Photo by Daniel Jensen on Unsplash
Logistic Regression - Hyperparameter Tuning
Using GridSearch Algorithm
Index
Introduction
What are hyperparameters?
Why is hyperparameter tuning necessary?
Code Example
Conclusion
Introduction
Before we dive into hyperparameter tuning of a Logistic Regression model, it's essential to know what Logistic Regression is.
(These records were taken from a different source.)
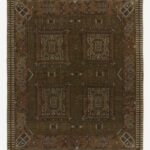 Hand knotted wool rug with tribal geometric pattern in earthy tones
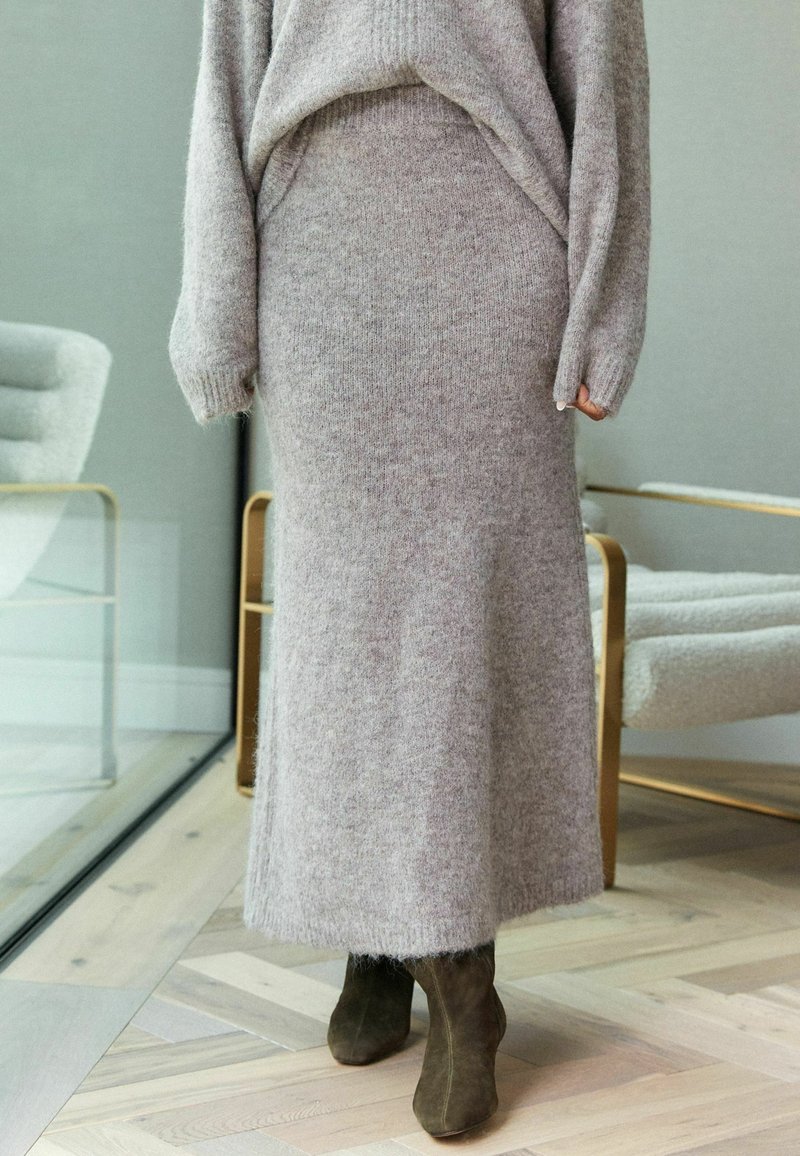 Pull tricot gris clair et jupe longue assortie, fabriqués en tissu doux à texture agréable, combinés avec des bottines vert olive. Design minimaliste.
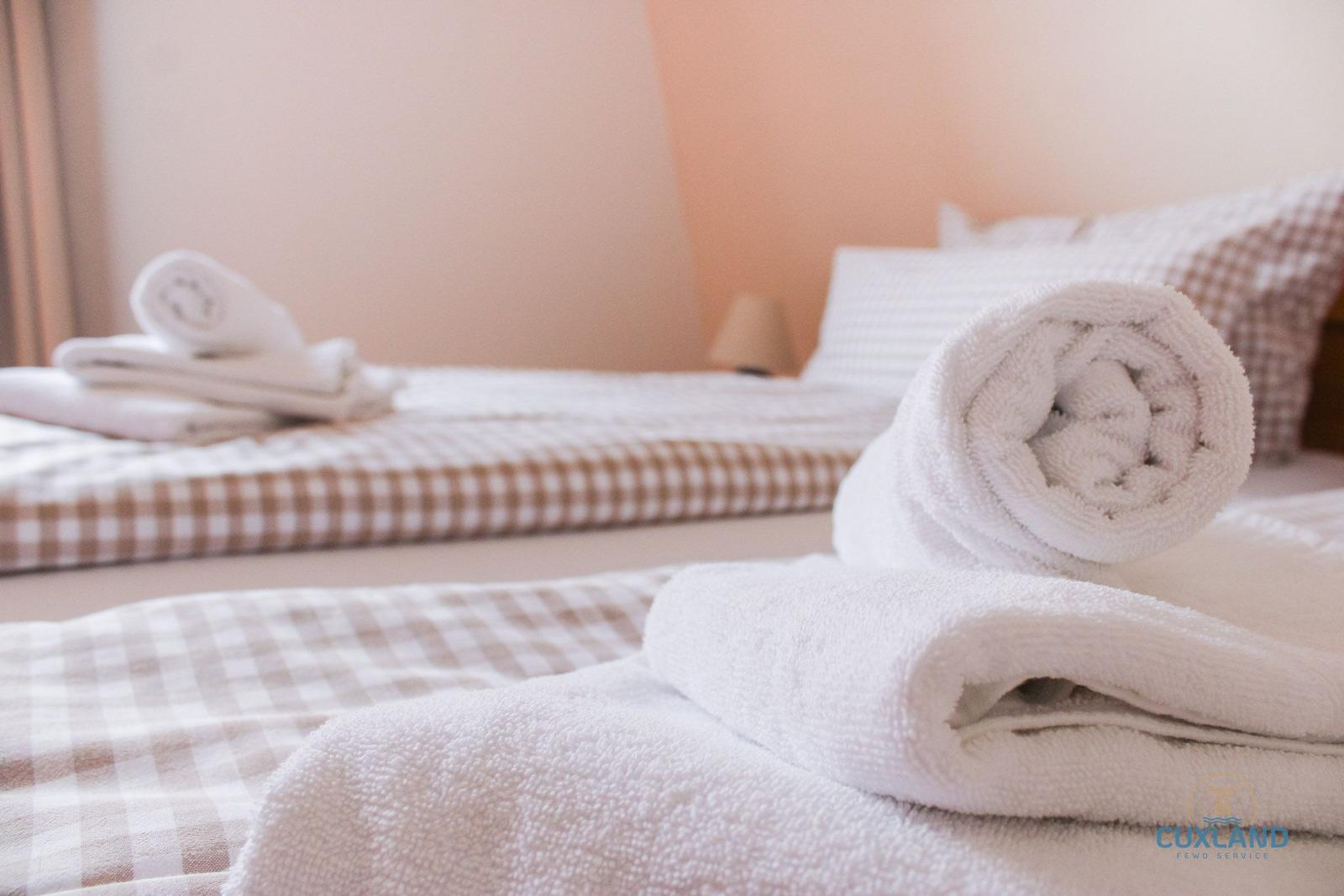 Zwei Betten mit karierten Bettwäsche und gefalteten Handtüchern.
Logistic Regression is a machine learning algorithm primarily used as a classification algorithm.
For example:-
- Classify an email as spam or not
What are hyperparameters?
When we train a machine learning or a deep learning algorithm, these algorithms have a lot of parameters, but the parameters that affect the model's performance the most are known as hyperparameters.
Why is hyperparameter tuning necessary?
Let's say you trained your model, and the accuracy of the model is very low, let's say less than 50%. Then it's rather apparent that this model is not very useful as it is wrong more than half the time.
So in situations like this, we tune the hyperparameters to increase the accuracy of our models.
Code Example
Here is a code example on how to perform hyperparameter tuning on a machine learning model
Importing libraries and functions
import pandas as pd
import numpy as np
from sklearn.preprocessing import LabelEncoder
from sklearn.linear_model import LogisticRegression
from sklearn.model_selection import train_test_split GridSearchCV
from sklearn.metrics import accuracy_score
import warnings
warnings.filterwarnings('ignore')
Importing dataset
data = pd.read_csv('diabetes.csv')
Data Preprocessing
X = data.drop(['Outcome'], axis=1)
y = data['Outcome']
objectList = X.select_dtypes(include=["int64",'float64']).columns
le = LabelEncoder()
for feature in objectList:
X[feature] = le.fit_transform(X[feature].astype(str))
print(X.info())
Splitting the data in training and testing data
X_train, X_test, y_train, y_test = train_test_split(X, y, test_size=0.2,
stratify=y, random_state=42)
Model Training and Evaluation
logi = LogisticRegression()
logi.fit(X_train, y_train)
y_predict = logi.predict(X_test)
acc = accuracy_score(y_test, y_predict)
Accuracy Before Hyperparameter tuning:- 69.4%
Hyperparameter Tuning
param_grid = [
{'penalty' : ['l1', 'l2', 'elasticnet', 'none'],
'C' : np.logspace(-10, 10, 20),
'solver' : ['lbfgs','newton-cg','liblinear','sag','saga'],
'max_iter' : [100, 1000,2500, 5000]
}
]
logi_hypertuned = GridSearchCV(logi, param_grid = param_grid, cv = 3, verbose=True, n_jobs=-1)
res_hypertuned = logi_hypertuned.fit(X,y)
print(best_clf.best_estimator_)
Best Parameters :- LogisticRegression(C=0.2976351441631313, solver='liblinear') Accuracy After Hyperparameter tuning:- 71.5%
Conclusion
As we can see, tuning the hyperparameters can give better results.